[[ Supplied data open ]]
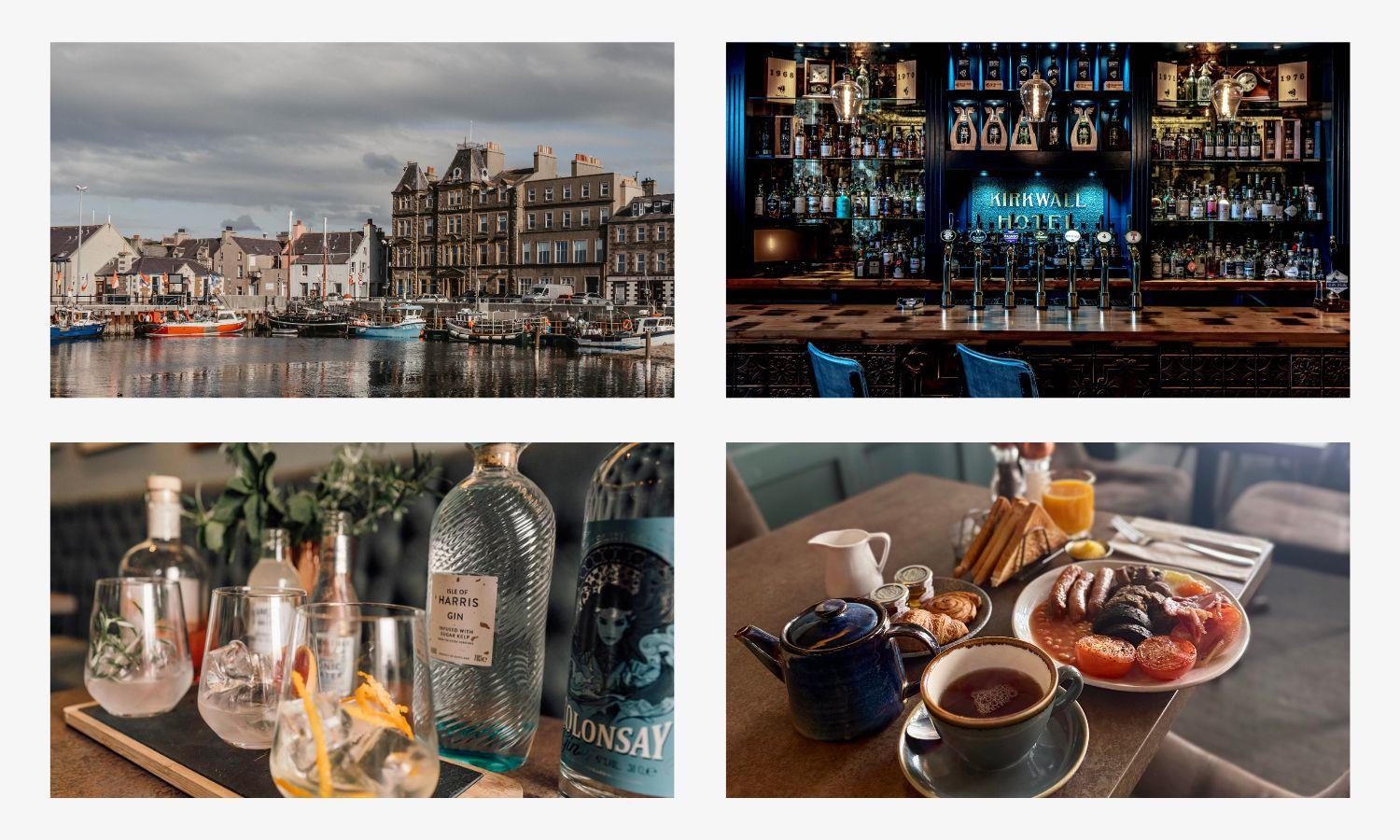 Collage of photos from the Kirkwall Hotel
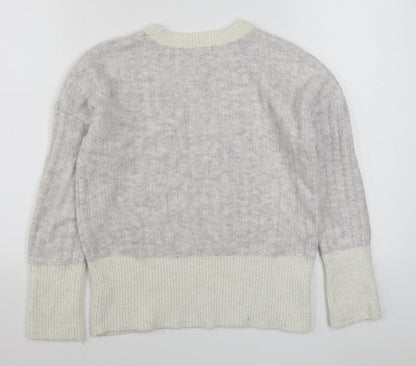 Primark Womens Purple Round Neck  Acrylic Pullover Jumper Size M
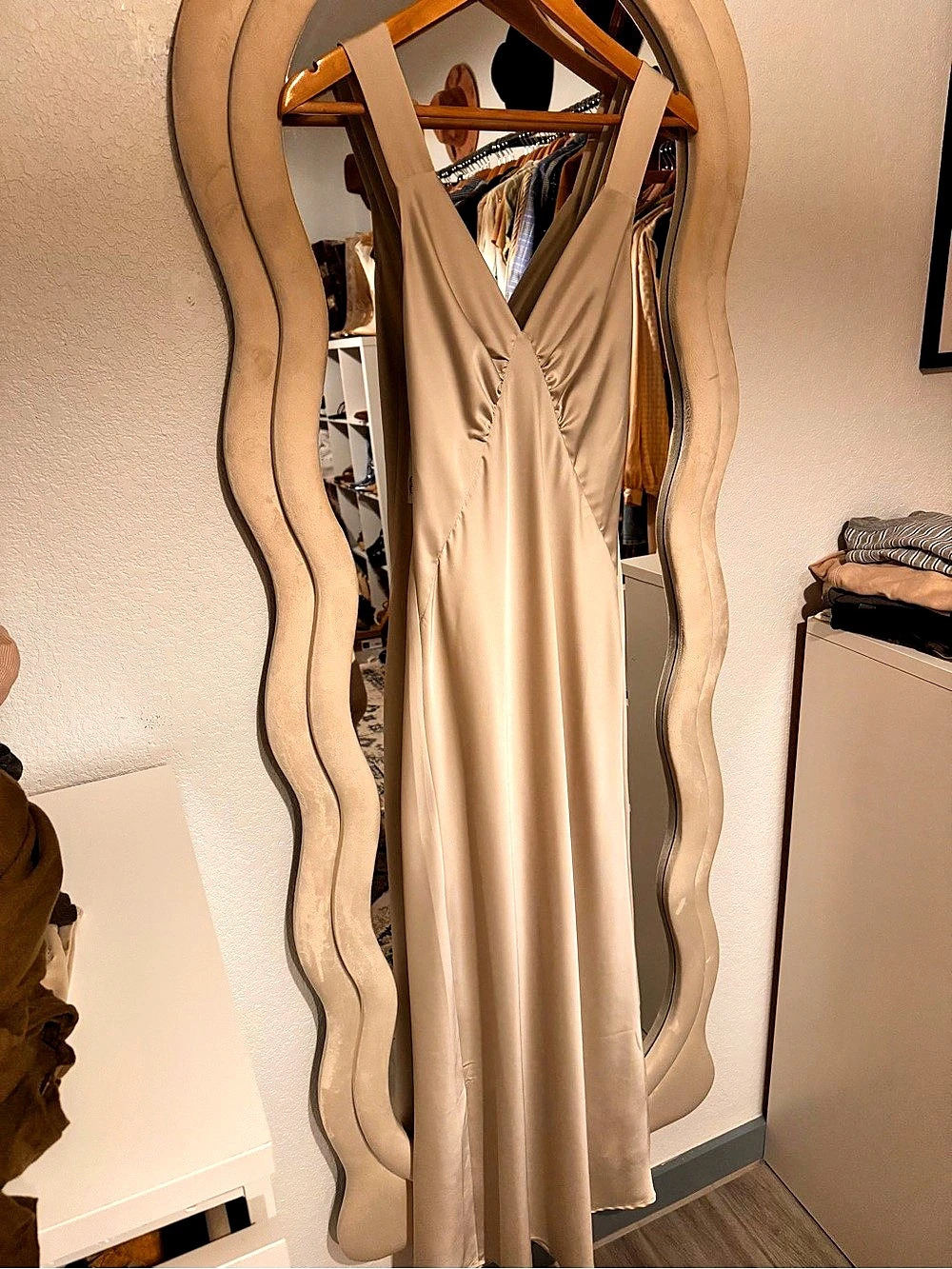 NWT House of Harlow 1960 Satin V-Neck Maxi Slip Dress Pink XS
[[ Supplied data closed ]]
→ **Task statement**
Send back the listing exactly as it stands. Do not include the pictures.

→ **Answer to the problem**
 Collage of photos from the Kirkwall Hotel
 Primark Womens Purple Round Neck  Acrylic Pullover Jumper Size M
 NWT House of Harlow 1960 Satin V-Neck Maxi Slip Dress Pink XS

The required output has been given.